According to a petition on the White House website, a 320-square-kilometer chunk of land known as the Northwest Angle belongs in Manitoba, not Minnesota.

“Negotiators of the initial Canada–U.S. border misunderstood the geography of the area,” states the petition entitled “Give Canada back the Northwest Angle.”

“Benjamin Franklin and British representatives relied on the Mitchell Map of colonial American geographer John Mitchell,” the petition goes on.

“Make America great by correcting this critical survey error,” the petition concludes.

Angle Township, Minn.

This image from Google Maps shows the Northwest Angle in red, next to Lake of the Woods.

The Northwest Angle, technically known as Angle Township, Minn., is a piece of land surrounded by Manitoba to the west and Lake of the Woods to the east. It’s not connected to the rest of Minnesota because an agreement between Britain and Canada made long before confederation used an inaccurate map.

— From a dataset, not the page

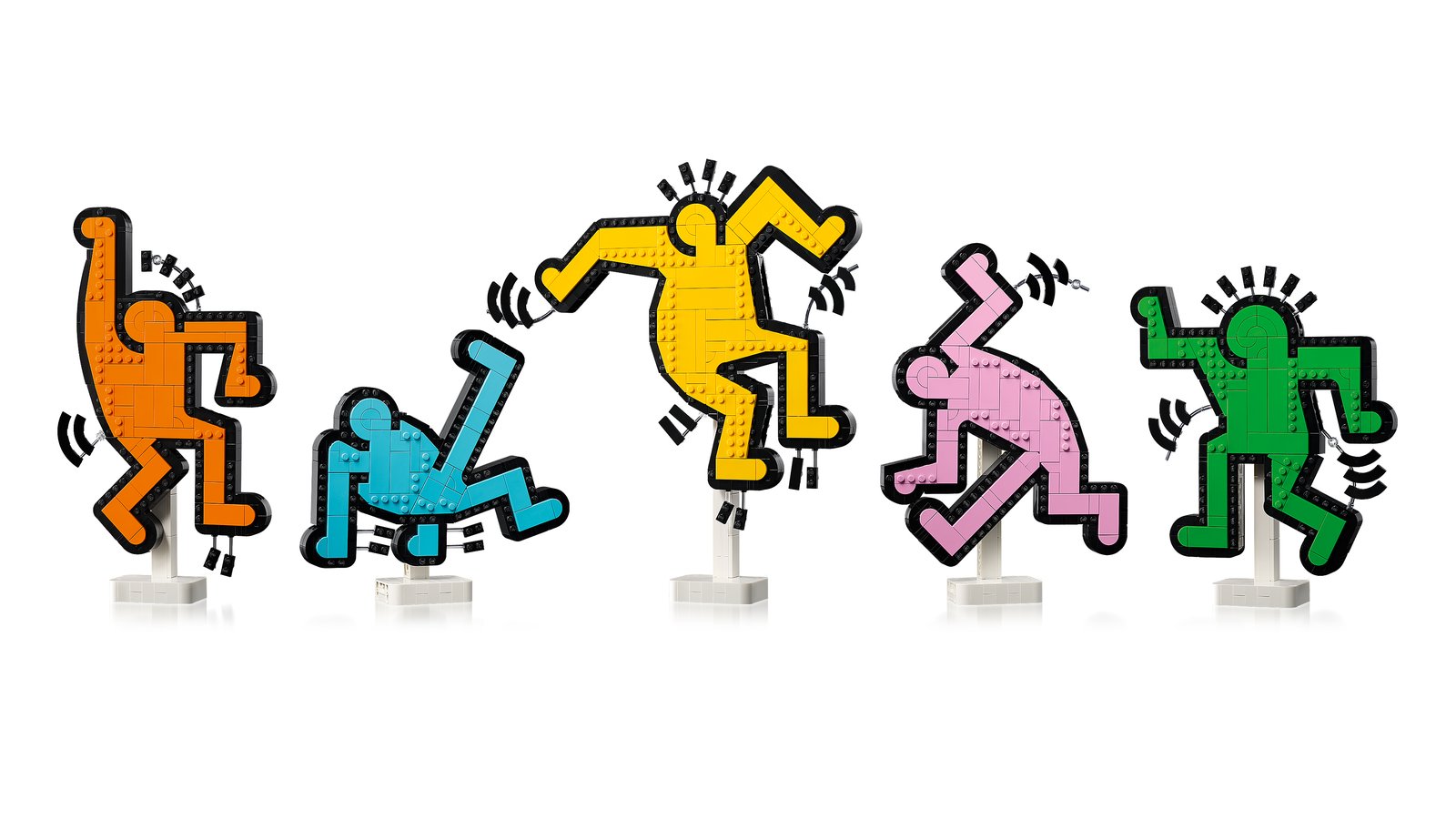 LEGO 31216 LEGO® ART 31216 - Keith Haring – Tanzende Figuren – Detailansicht 1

The 1783 Treaty of Paris, which ended the American War of Independence, designated the northwestern-most point of Lake of the Woods as the northwest corner of what would become the United States. The treaty was made using John Mitchell’s 1755 map, which showed Lake of the Woods as roughly an oval.

In 1818, Britain and the U.S. settled a number of border disputes with the Treaty of London. That treaty said the border between British North America and the U.S. would be defined with a line from the farthest northwest corner of Lake of the Woods and “north or south, as the case may be” to the 49th parallel and then “west along the parallel to the Stony (Rocky) Mountains.”

Lake of the Woods wasn’t an oval as the Mitchell Map suggested, meaning about 320 kilometres of land was severed from Manitoba by the new north-south line and ended up inside the United States.

The roughly 120 people who live in that piece of Minnesota are now forced to drive through about 100 kilometers of Canada to reach the rest of the U.S., causing some to wish they lived in Canada.

In the 1990s, an American who owned a fishing lodge in Angle Country led a campaign for Angle Township to secede from the U.S. because fish caught by tourists couldn’t be brought across the border, according to CBS.

The petition, created on Dec. 30, would need to get 100,000 signatures before Jan. 29 in order to get a response. As of Wednesday, just over 1,000 people had signed.